Referring to the objection made that the citation was fatally defective, the court declared that it was too general. The specific grounds of objection should have been pointed out, in order that any opportunity might have been given to correct them. If not sufficiently specific, it would not avail the party raising it. That it was a well-settled rule that a plea of misnomer must disclose the full and correct name alleged to be improperly designated, and that the party was not known by the name by which he is designated. That, if the judgment was rendered in defendants’ name, the amendment was considered as made. That it was not claimed that there was another and distinct corporation known as the Teutonia Fire Insurance. In fact, the citation was addressed to and served upon the president of the Teutonia Insurance Company, and the judgment was against it. It concluded there was no force in the objection. In support of its position it cited the Ency. of Pleading and Practice, vol. 4, pp. 303, 304; also volume 8, pp. 156-163; Scott v. Jackson, 12 La. Ann. 640; and State v. Wiggins, 45 La. Ann. 416, 12 South. 630.

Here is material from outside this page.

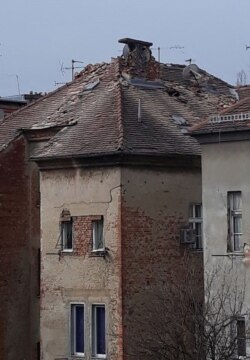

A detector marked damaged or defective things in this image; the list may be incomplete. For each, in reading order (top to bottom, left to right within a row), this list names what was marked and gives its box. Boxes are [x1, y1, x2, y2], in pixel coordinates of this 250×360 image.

damaged roof [0, 48, 237, 160] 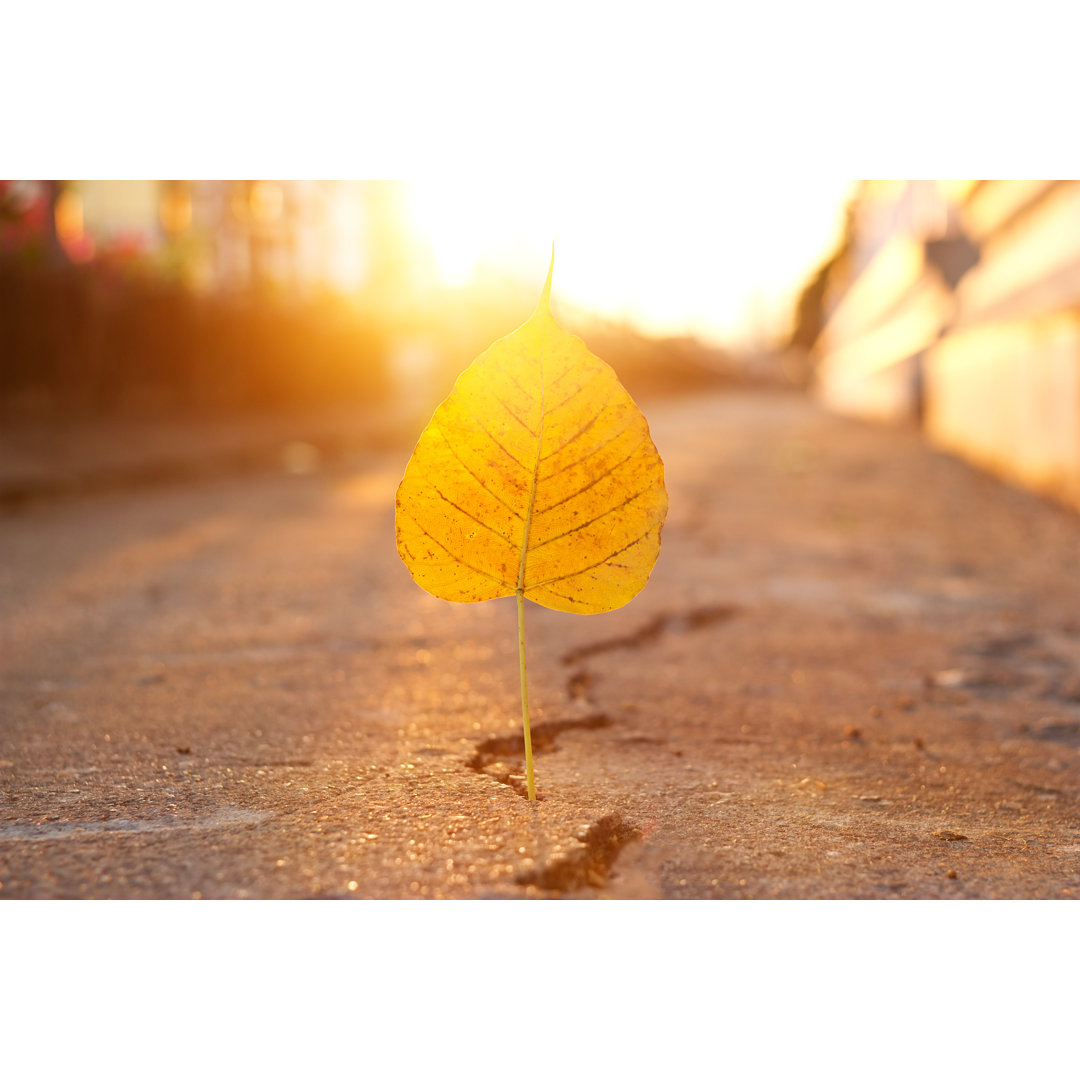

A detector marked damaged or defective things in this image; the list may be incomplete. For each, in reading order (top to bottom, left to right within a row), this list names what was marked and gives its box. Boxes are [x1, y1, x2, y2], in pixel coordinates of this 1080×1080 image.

cracked asphalt surface [2, 393, 1080, 898]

We think the conclusion of the court of appeal on that branch of the case was correct. Article 432 of the Civil Code declares that a name must be given to corporations, and it is in that name they must sue and be sued and do all their legal acts, although a slight alteration in this name be not important. See, also, on this subject, the case of James v. Arkansas R. R. Co., 110 La. 145, 34 South. 337.

The Teutonia Insurance Company was in fact a fire insurance company. Its president was Albert P. Noll, as was alleged in plaintiff’s petition; and it had issued its fire policy No. 1,110 in favor of the defendants, as was also averred. Hood v. City, 49 La. Ann. 1461, 22 South. 401.

We are of the opinion that the decision of the court of appeal upon the second point submitted to it was also correct. The garnishee did not claim, nor does it now claim nor pretend, that any attachment had been levied against the defendants or the funds in its hands other than that in this very case. Had there been any such, it certainly would 'have known of its existence, and it should have mentioned and shown it, as also the circumstances connected with it. The stipulation made in the adjustment between the company and Jackson Bros, that the amount of the loss should not be paid until all attachments affecting its payment of the fund should have been disposed of had reference simply to the circumstances under which its indebtedness to Jackson Bros, should be paid, and the party to whom that payment should be made, and in no manner affected the fact of indebtedness.

*801The insurance company was entitled to protection under the law itself, independently of any conventional agreement against a payment which might place it in danger of paying twice. The assured himself could not exact payment to the prejudice of a seizure or attachment.

No stipulation between the insurance company and Jackson Bros, could impair the right of the plaintiff under the law to issue garnishee process against it and seize and hold the amount of its indebtedness to Jackson Bros, subject to payment of its own claim.

The insurance company argues that the district court and the court of appeal rendered judgment against it in the absence of any traverse by the plaintiffs to the answers which they made to the interrogatories, and any trial upon such traverse. 'But the judgment of the district court affirmed by the court of appeal was not a judgment opposed to those answers; on the contrary, it was, as declared in the judgment, a judgment against it “in accordance with its answer.” The answer did not call for a traverse. Plaintiffs were entitled to a judgment on the answers themselves just as they were. The only attachment issued against it was under the plaintiffs’ seizure, and on payment by the insurance company of the judgment rendered against it in this suit that attachment will fall.

For the reasons herein assigned, the judgments of the district court and the court of appeal herein reviewed are hereby affirmed.

LAND, J., recused, having presided in the district court.